The root holds top-level namespaces, collections, singletons, and actions. Real-world OpenAPI documents commonly expose all four directly under / — e.g. /orders (collection), /me (singleton), /login (action) — with no namespace prefix.

Namespace

Bases: BaseModel

A folder-like grouping of sub-namespaces, collections, singletons, and actions.

Namespace-level actions (e.g. /auth/login) and namespace-level singletons (e.g. /admin/health) are valid: real APIs commonly host verb endpoints and singleton resources directly under a folder prefix.

Collection

Bases: BaseModel

A plural endpoint that fetches a list, creates, and contains a Resource.

Collections may also host sub-singletons that represent collection-level aggregate views — /orders/stats, /datasets/summary — alongside the per-item Resource reached via {id}. Sub-collections are not allowed (collection-under-collection has no canonical meaning).

Resource

Bases: BaseModel

The single-item endpoint of a collection (the segment after {id}).

Singleton

Bases: BaseModel

A resourceful endpoint with no enclosing collection.

Examples: /me, /health, /version, or sub-singletons like /users/{id}/avatar. Carries the same CRUD slots as Resource and may host sub-collections, sub-singletons, and actions. Has no resource slot — a Singleton is the resource.

Action

Bases: BaseModel

A non-CRUD endpoint identified by a verb-phrase path segment.

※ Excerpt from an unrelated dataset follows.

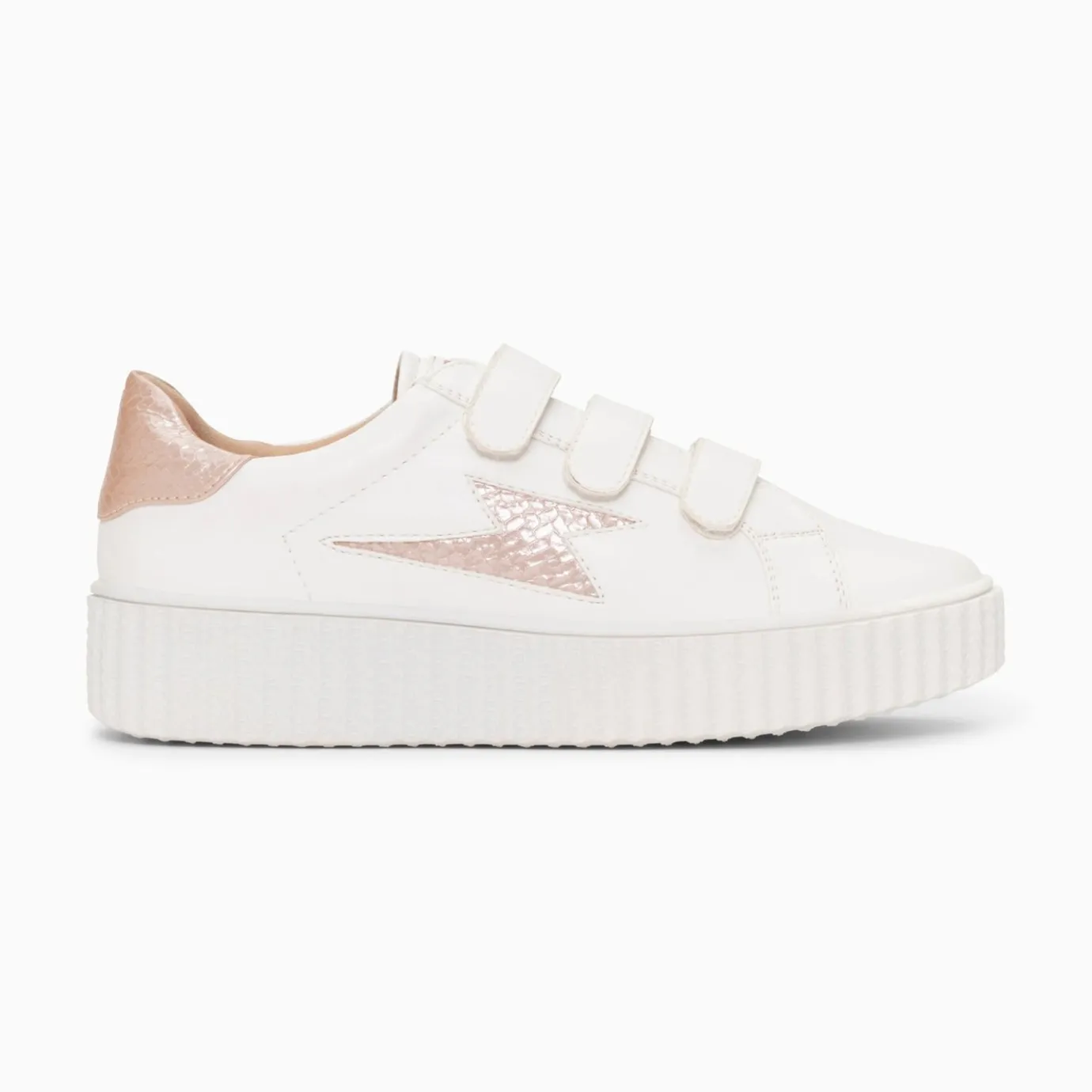 Vanessa Wu Sneakers | Baskets Eclair Eva Blanc Et Rose Gold Serpent A Scratchs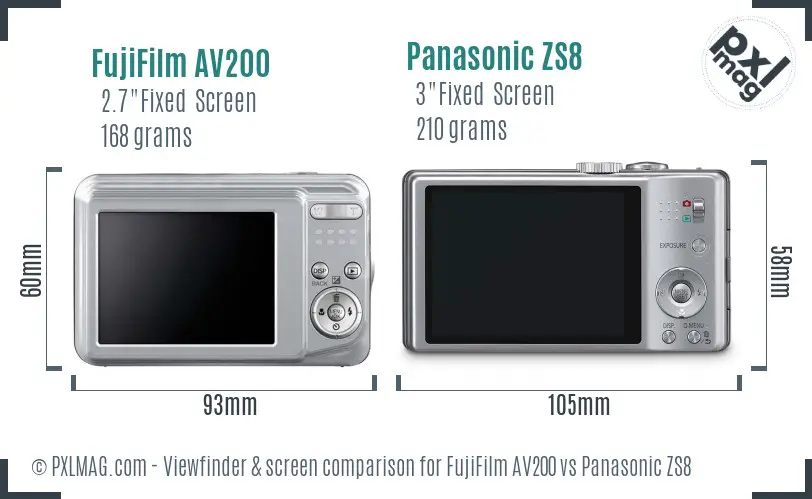 FujiFilm AV200 vs Panasonic ZS8 Screen and Viewfinder comparison FujiFilm AV200 vs Panasonic ZS8 Screen and Viewfinder comparison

Actions may attach at the root of the API, under a Namespace, under a Collection, under a Resource, or under a Singleton.

attr_override decouples the surface attribute name from the path's last segment. The generator uses it when set (otherwise it falls back to the path-derived snake_case). It exists to support --unmatched, where the attribute should reflect the operation's operationId rather than wherever in the URL it happens to land.

Operation

Bases: BaseModel

A single HTTP operation declared on a path.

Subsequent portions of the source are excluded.